My eldest dog has started constantly licking my other dog. They are both labradors and are 1 and six months. This has just started in the past 36 hours. They would sometimes do this infrequently but for the last 36 hours the eldest of them is just licking him constantly even chasing him to lick him as the little one is trying to get away. He doesn't have any wounds or cuts. He just will not leave him alone and this is unusual behaviour for them. Does anyone have any experience of this??

Thanks
Lauren


----------



## Fleur

When we got Lilly Zipper was 1yr and she was 8 wks. Zipper licked her constantly and mad her skin raw, he was constantly cleaning her - think he thought he was her mum. (he even kept trying to scruff her and carry her around)
Every time he started to lick her we interupted with a touch or a sound and gave him something better to do.
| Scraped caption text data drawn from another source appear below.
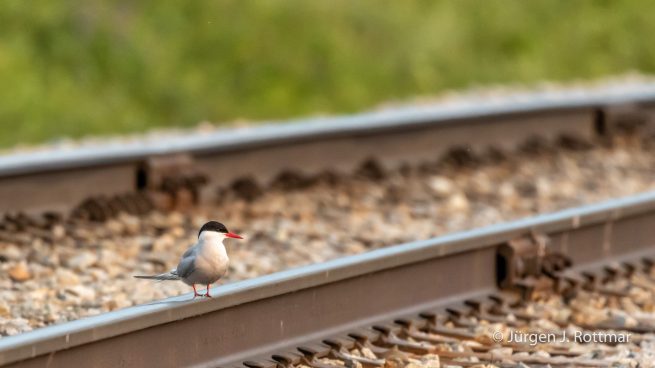 USA | Alaska | Anchorage | Anchorage Coastal Wildlife Refuge | Common Tern | Flußseeschwalbe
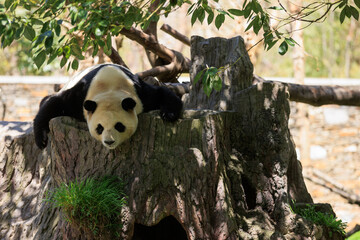 Obraz premium One giant panda sleeping in park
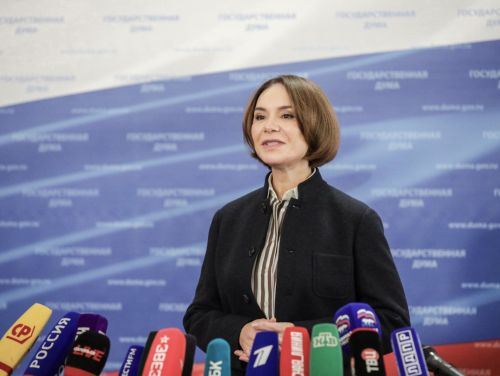 Альфия Когогина выступила за государственную поддержку самозанятых и индивидуальных предпринимателей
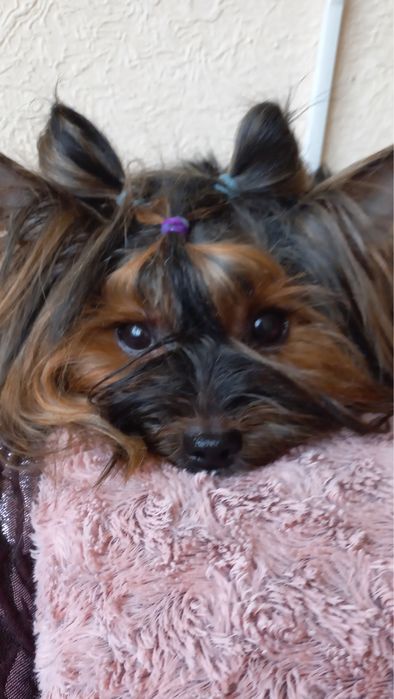 Девочка Йоркширский терьер ( бесплатно)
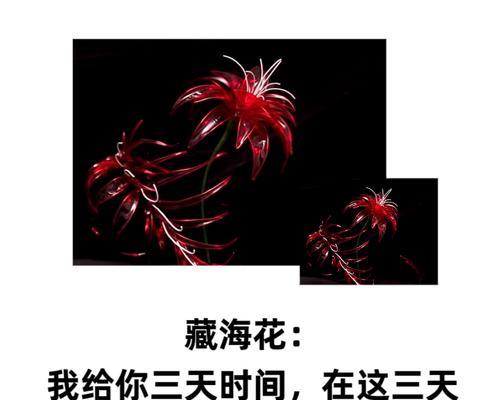 什么花代表喜欢你？揭秘表达爱意的花卉花语
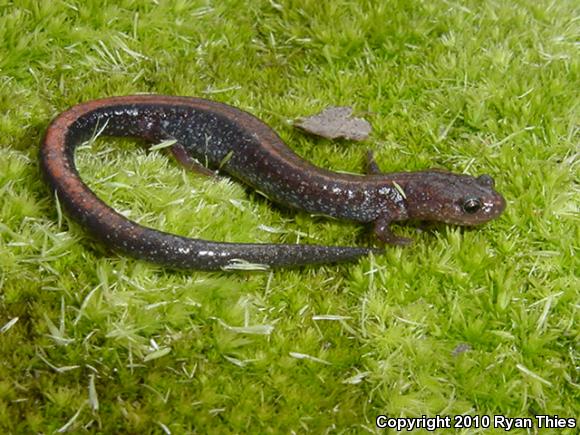 Southern Red-backed Salamander (Plethodon serratus)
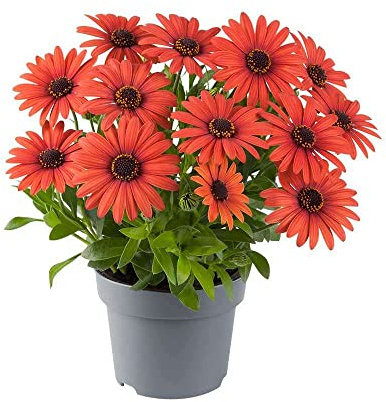 DECOALIVE Margarita Dimorfoteca con Flores Rojas Planta de Exterior con un Color Impresiote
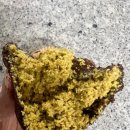 GS25서구충무점 | [내돈내산] GS25 모모즈랩 두쫀쿠 솔직후기｜재고, 입고시간, 편의점 두바이 디저트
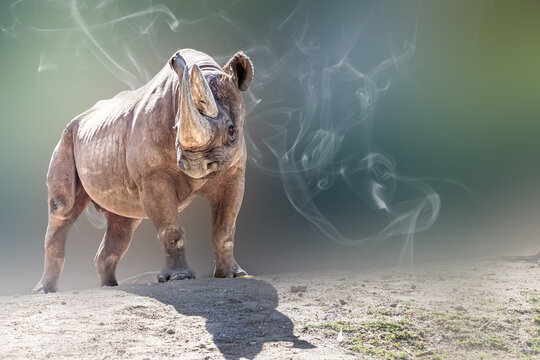 an african rhino standing in the sun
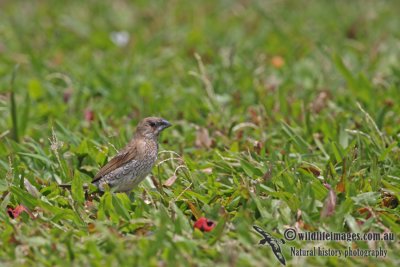 g3/73/838473/3/120163012.p6yEyZjX.jpg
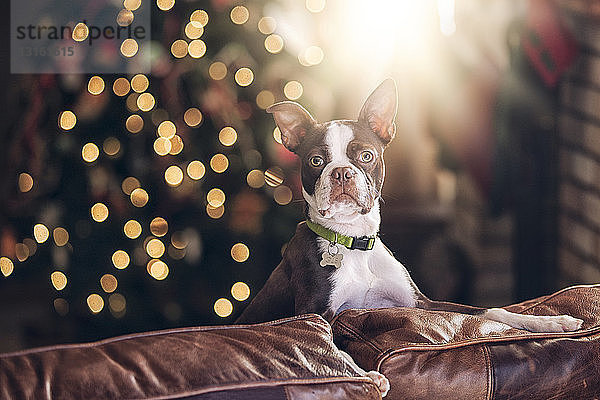 Porträt eines Boston Terriers auf dem Sofa vor dem Weihnachtsbaum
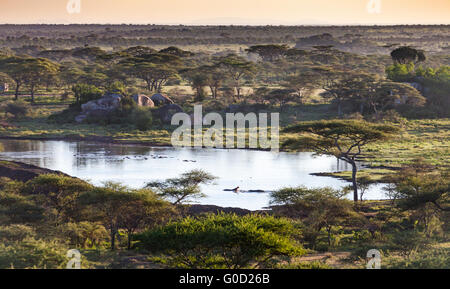 Hippopotames dans un étang sur le Serengeti Plain d'acacias au lever du soleil, le Parc National du Serengeti, Tanzanie Banque D'Images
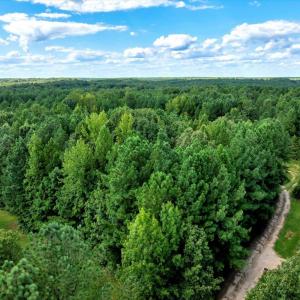 6-DJI_20250826160939_0586_D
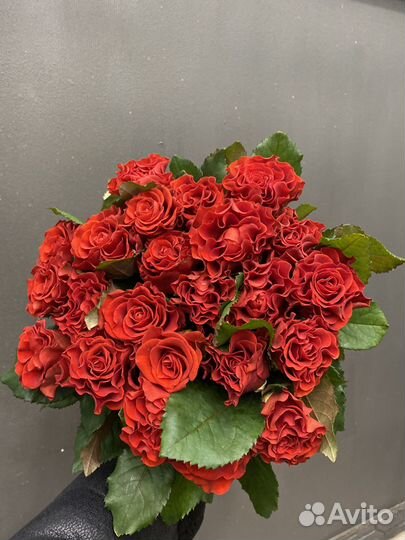 Розы с доставкой 25 шт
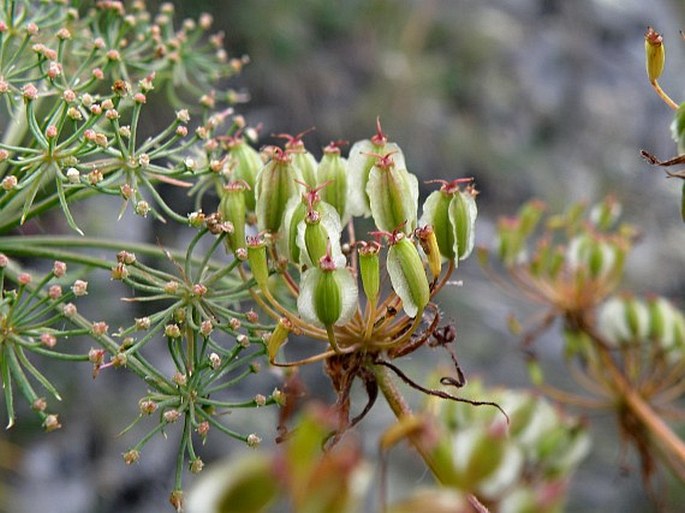 Laserpitium archangelica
It was tricky as we needed to be consistent and watch them all the time so we could interupt but after a few days he settled down and stopped.


----------



## shortbackandsides

he hasnt laid in any food or chocolate has he??


----------



## LittleMissSunshine

it also could be hormones, lady won't get her nose out of Poppy's ass at the mo, she's 5 months and Poppy's 1, lady has just started doing this and I just put it down to her hormones kickingin, I expect she will come into season a lot earler than Poppy did.!


----------



## staflove

Ehwn my 2 go out and ifthey get wet Kye hates is paws been wet and licks them like mad and he licks tess if she is wet, sometimes they can be laying together and he licks her for nothing i dont no why but she dose not mind


----------



## candysmum

...........................


----------



## scosha37

my male Chihuahua always licks my youngest chihuahua her eyes her ears and she loves it he has done this from the day we got her and she pushes her self into him for him to do it...:001_smile:


----------



## Parkers Mom

The original person had a legitimate question, then all you just had to pitch in with your stupid stories about your own pets that no one cares about.


----------



## Guest

It may be that there is a weepy eye, a smell of bacteria, it may be soothing, or affectionate. Some dogs have behaved like that, smelling cancer, in humans.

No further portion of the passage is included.